Le sport a la capacité de déjouer les logiques géopolitiques. Pour la République d’Irlande et l’Irlande du Nord, le rugby est un véritable liant, ignorant les réalités historiques. Quatre-vingts minutes durant, la nation réunifiée vibre pour une seule équipe. En plus de leur hymne national, les Irlandais entonnent ainsi l’Ireland’s call, chant composé à la demande de la fédération, exhortant l’île d’émeraude à se réunir « épaule contre épaule », les joueurs venant « répondre à l’appel de [leur] pays depuis les quatre fières provinces de l’Irlande ». Le stade de Croke Park de Dublin, qui fut le théâtre du bloody Sunday de 1920, durant lequel des chars britanniques ouvrirent le feu en plein match, faisant quatorze victimes parmi les spectateurs est un haut lieu d’affrontement pacifique entre le XV de la Rose et du Trèfle. D’après Trevor Ringland, qui porta la tunique verte durant les années 1980, sur fond de conflit entre l’Armée Républicaine Irlandaise et le gouvernement Thatcher, « le rugby est un défi direct aux idéologies de la haine ». L’abandon des rancœurs historiques va plus loin quand, à intervalle de quatre années, les meilleurs joueurs irlandais se joignent à l’élite de la couronne britannique au sein de l’équipe des Lions, pour une tournée estivale à travers l’hémisphère sud.

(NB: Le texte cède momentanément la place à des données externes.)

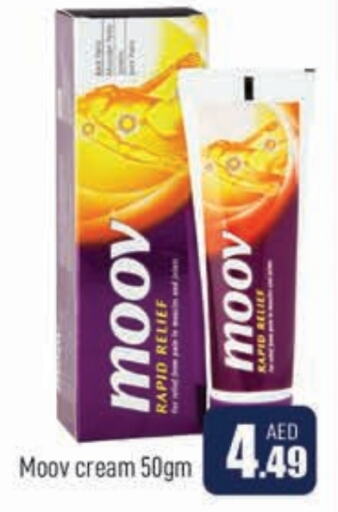 MOOV available at AL MADINA in UAE - Sharjah / Ajman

L’Angleterre est l’équipe la plus au cœur des inimitiés. Phil Bennett, légende du XV du poireau, résumait la rivalité anglo-galloise par ces mots : « Nous avons été exploités, violés, contrôlés et punis par les Anglais. Et ce sont eux que nous allons affronter cet après-midi ». Flower of Scotland, entonné avant chaque rencontre par le XV du Chardon, évoque directement la revanche de la nation aux « humbles collines et vallées » se dressant face à Édouard Ier d’Angleterre, dit le « Marteau des Écossais ». Depuis plus d’un siècle, les pelouses de rugby sont des pré carrés où se rejoue la rivalité millénaire entre l’Hexagone et la perfide Albion, Twickenham et Saint-Denis étant les théâtres de batailles aussi illustres qu’Azincourt ou Waterloo.

Le terrain est la scène alternative des rivalités entre patries. Pour la Russie et la Géorgie, le rugby permet d’extérioriser les passions de deux peuples s’étant fait face en Ossétie du Sud durant l’été 2008. Les matchs opposant Ours et Lelos attirent généralement 50 000 spectateurs, soit autant que les meilleures nations. Les deux pays n’ont plus l’occasion de s’affronter depuis l’exclusion de la Russie par les instances internationales, en conséquence de l’invasion de l’Ukraine, comme ce fut le cas pour l’Afrique du Sud durant le régime de l’apartheid, preuve de l’implication des dirigeants de l’ovalie dans les intrigues géopolitiques.

Au soir de la cérémonie d’ouverture, le thème de World in union, hymne de la fédération internationale de rugby, résonne dans le Stade de France. L’instant met en musique les rivalités séculaires entre les pays et la réconciliation des nations brisées, donnant une dimension planétaire à ce sport.

Le caractère géopolitique du rugby réside ainsi moins dans sa capacité d’influence des acteurs internationaux que dans son esprit intrinsèque. Tirant sa force esthétique de la complémentarité athlétique des joueurs, il se caractérise par la violence organisée et, selon une interprétation clausewitzienne, serait la continuation de la politique par d’autres moyens.